═══ Information given

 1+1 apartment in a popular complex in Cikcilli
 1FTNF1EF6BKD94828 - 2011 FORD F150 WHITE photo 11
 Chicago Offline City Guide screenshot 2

══════
═══ Information given

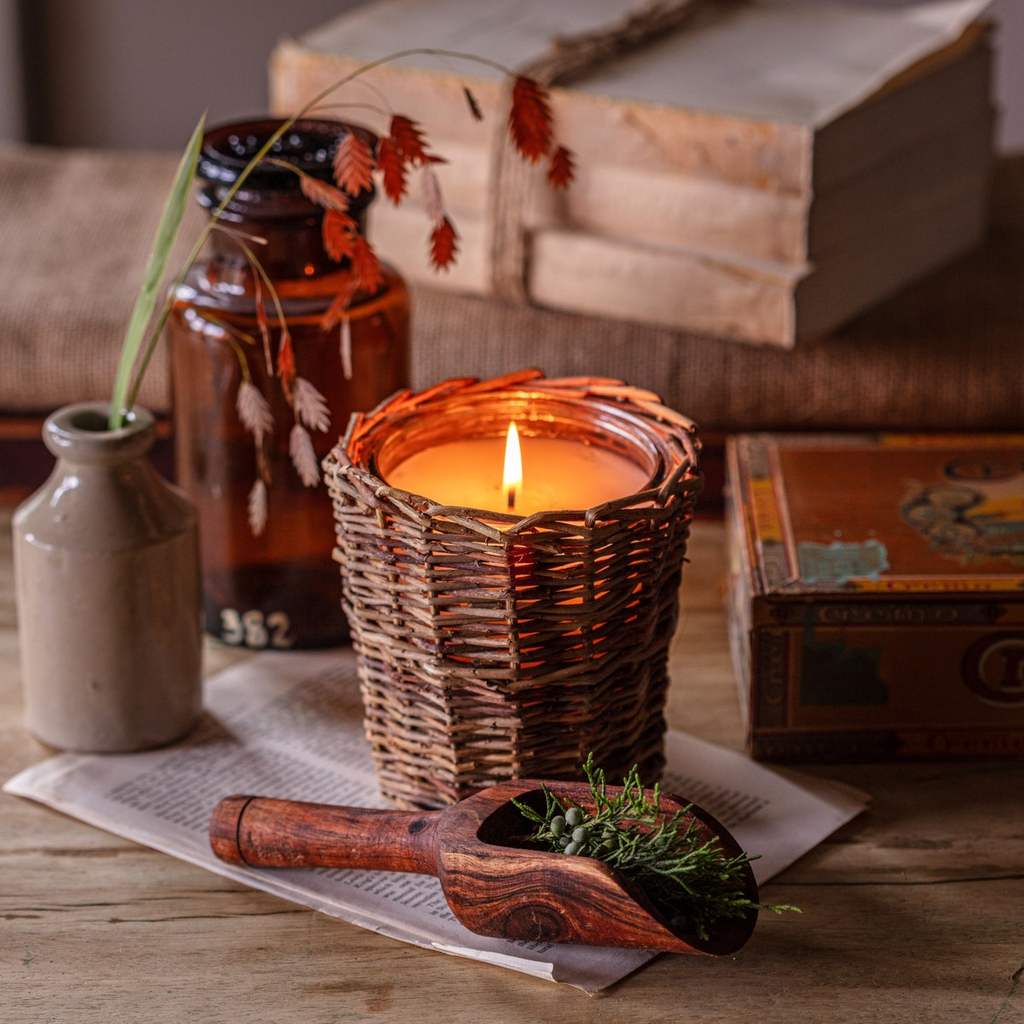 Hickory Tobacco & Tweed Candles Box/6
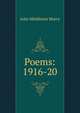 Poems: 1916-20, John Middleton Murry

══════

## Task statement
Above are the records; repeat exactly the lines from the one holding "1+1 apartment in" down to the one holding "Chicago Offline City Guide screenshot 2", end lines included.

## Solution for this task
 1+1 apartment in a popular complex in Cikcilli
 1FTNF1EF6BKD94828 - 2011 FORD F150 WHITE photo 11
 Chicago Offline City Guide screenshot 2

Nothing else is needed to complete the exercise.